**Work to be completed:**
Without any of its pictures, the listing below should be output exactly.

**Source data:**
= = = =

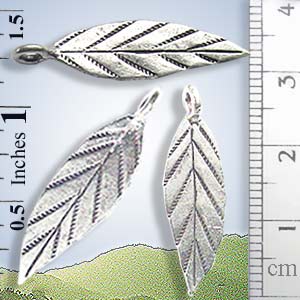 Willow Leaf Silver Pendant - P0021- (1 Piece)_1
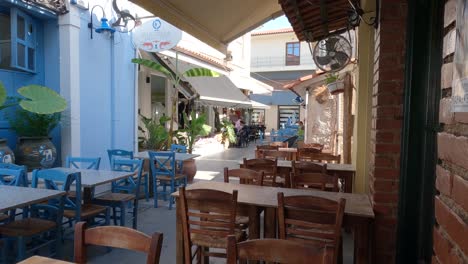Beautiful-greek-street-scene,-Restaurant-esplanades-in-a-picturesque-alley,-Preveza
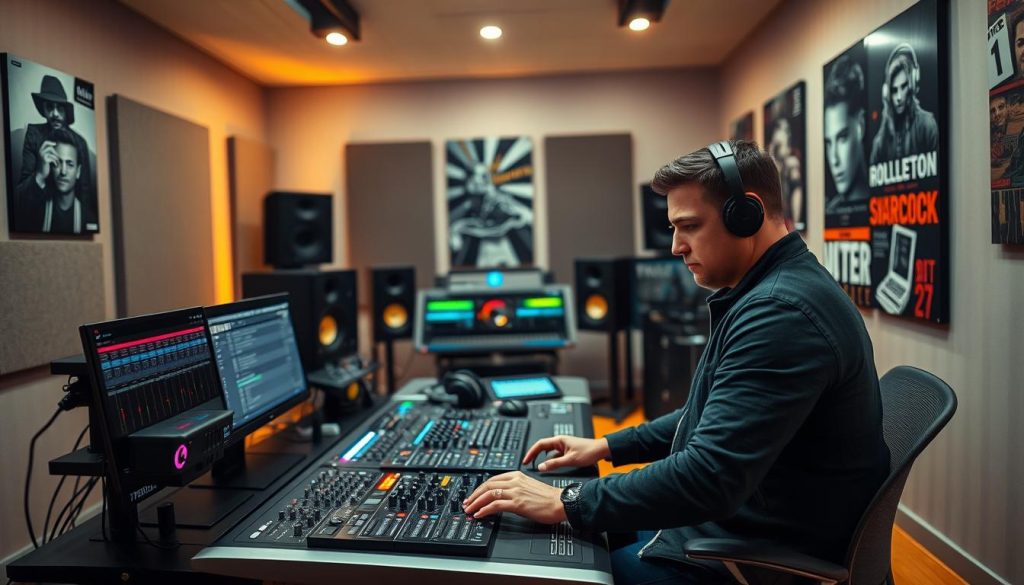 A modern music production studio with a focus on mixing and sound design. In the foreground, a DJ or music producer sits at a sleek, digital audio workstation, mixing tracks on Ableton Live. The producer, dressed in professional casual attire, has a concentrated expression and is adjusting knobs on a digital mixer. In the middle ground, you can see various studio monitors, headphones, and colorful LED lights creating an energetic atmosphere. The background features soundproof walls adorned with acoustic panels and music posters, enhancing the creative vibe. Soft, warm ambient lighting illuminates the workspace, casting gentle shadows. The overall mood is focused and inspiring, perfect for the art of music production and mastering.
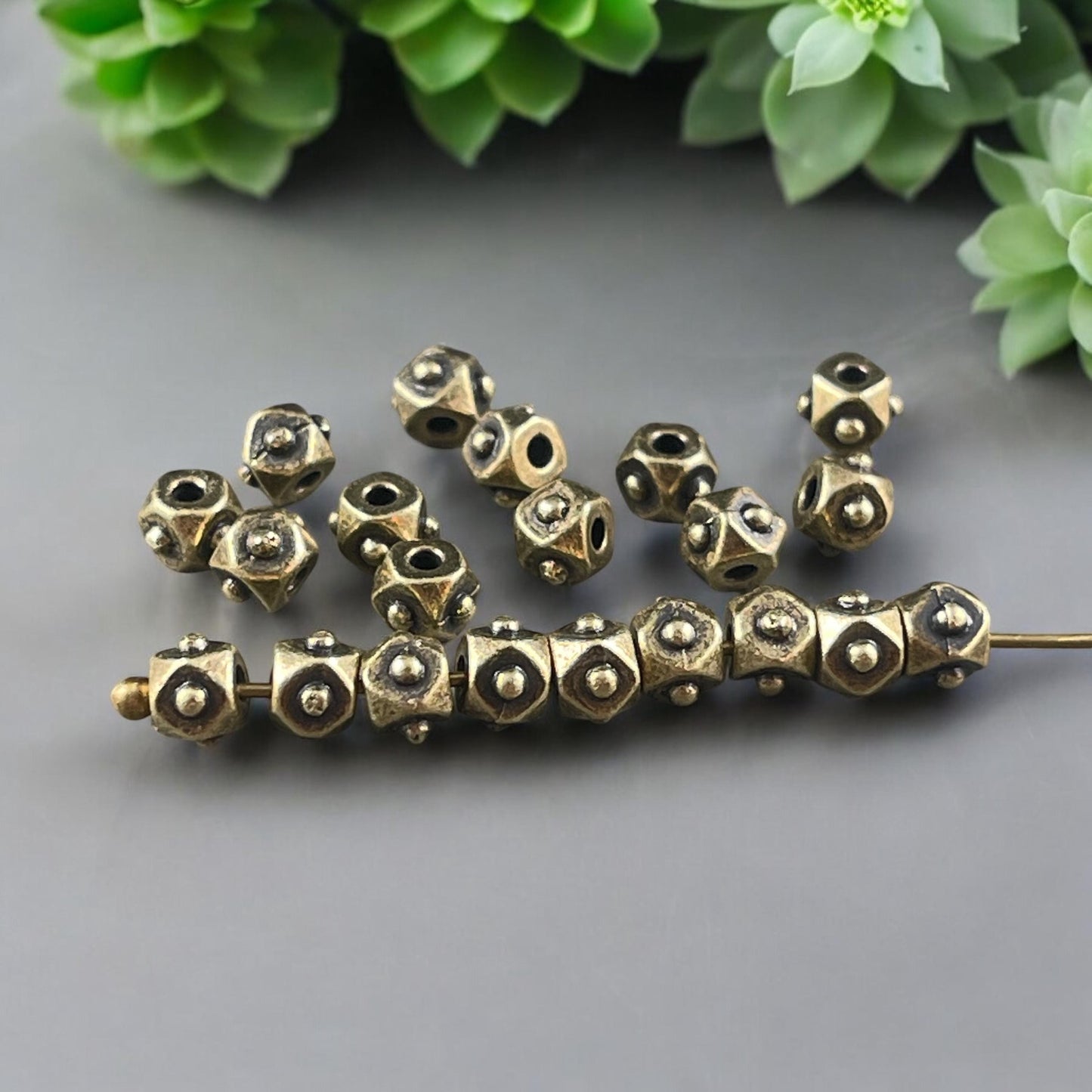 NEW TierraCast 4mm Cube Beads, Antiqued Brass Spacer Beads, Brass Faceted Cube (PF/873-57) * Qty. 20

= = = =

**Response box:**
 Willow Leaf Silver Pendant - P0021- (1 Piece)_1
Beautiful-greek-street-scene,-Restaurant-esplanades-in-a-picturesque-alley,-Preveza
 A modern music production studio with a focus on mixing and sound design. In the foreground, a DJ or music producer sits at a sleek, digital audio workstation, mixing tracks on Ableton Live. The producer, dressed in professional casual attire, has a concentrated expression and is adjusting knobs on a digital mixer. In the middle ground, you can see various studio monitors, headphones, and colorful LED lights creating an energetic atmosphere. The background features soundproof walls adorned with acoustic panels and music posters, enhancing the creative vibe. Soft, warm ambient lighting illuminates the workspace, casting gentle shadows. The overall mood is focused and inspiring, perfect for the art of music production and mastering.
 NEW TierraCast 4mm Cube Beads, Antiqued Brass Spacer Beads, Brass Faceted Cube (PF/873-57) * Qty. 20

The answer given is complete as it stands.